1882 ENGLISH POETRY 1579-1830: SPENSER AND THE TRADITION

Thomas Campbell

Epes Sargent, in Harper's Cyclopaedia of British and American Poetry (1882) 331-32.



The son of a Glasgow merchant, Campbell (1777-1844) was the youngest of ten children. At the age of thirteen he was placed in the university of his native city, where he was noted for his Latin and Greek translations, and his compositions in prose and verse. In April, 1799, when twenty-one, he published his Pleasures of Hope, a remarkable specimen of literary precocity, though marred by passages where sound takes the place of sense. Wordsworth regarded it as "strangely overrated." The poem passed through four editions in a year; and on the first seven editions the youthful poet received no less a sum than 900. After travelling on the Continent (where he was not a spectator of the Battle of Hohenlinden, as has often been asserted), he published, in 1801, Ye Mariners of England, with several other lyrical pieces; and, in 1803, Lochiel, Hohenlinden, The Soldier's Dream, The Battle of the Baltic: so that the noble lyrics to which Campbell owes his fame were composed within a brief period, and when he was quite young.

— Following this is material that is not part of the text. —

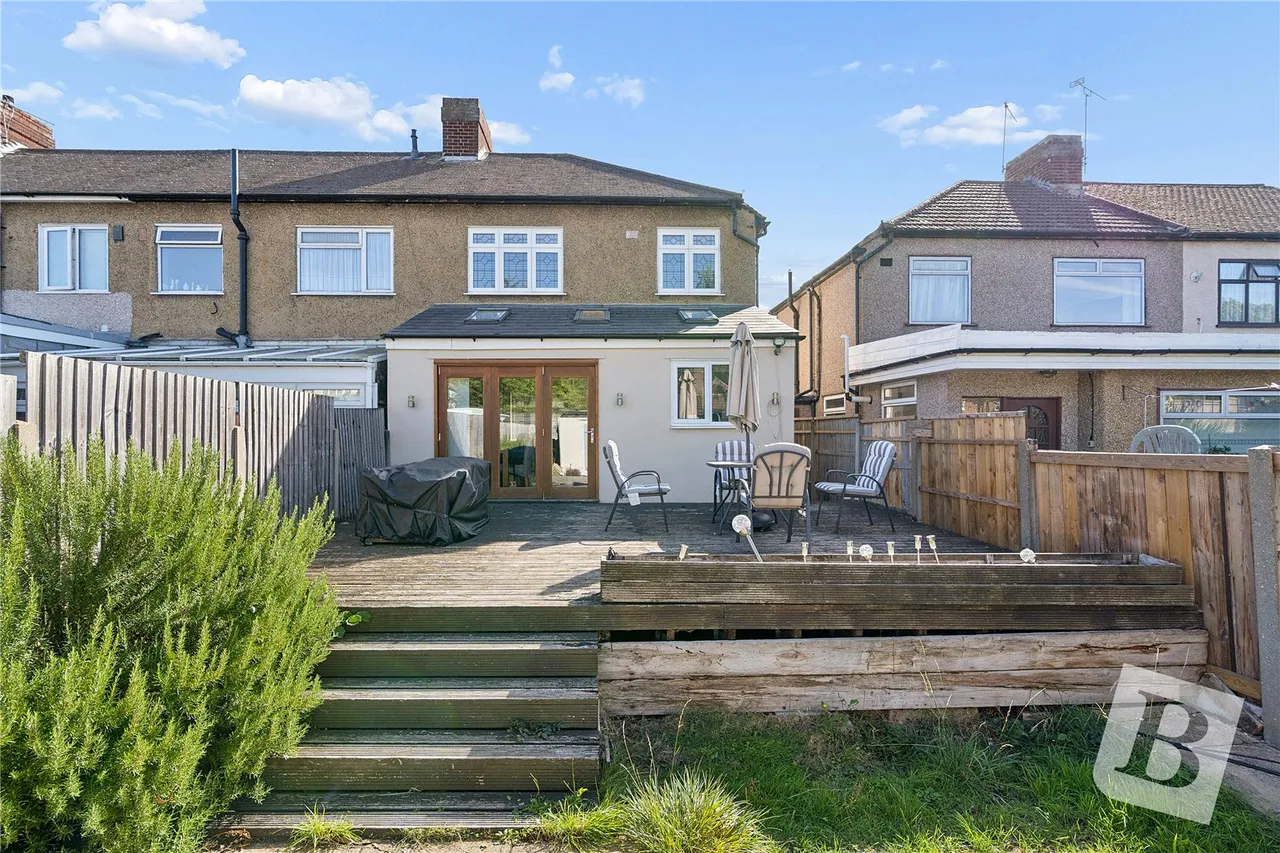 Barton Avenue, Rush Green, RM7, photo 12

What he wrote after thirty has the marks of inferiority. Gertrude of Wyoming appeared in 1809. He appears to have been amiable, generous, and sympathetic, though irritable, irresolute, and lazy. His faults were largely caused, no doubt, by physical infirmity. He married his cousin, Miss Sinclair, and settled near London; but the death of one son and the madness of another cast a dark shadow on his existence. Though he struggled with narrow circumstances, he was generous to his mother, sisters, and other relations. From 1820 to 1831 he edited the New Monthly Magazine. During his later years, in the receipt of a merited pension, he resided chiefly in London. He died at Boulogne, whither he had gone for his health, in his sixty-seventh year. His dust lies in Westminster Abbey. Campbell's lyrics are among the finest in all literature, and are likely to last as long as the English language, in its present form, endures. In 1849 a Life of the poet, with selections from his extensive correspondence, was published in London by his affectionate friend and literary executor, Dr. Beattie.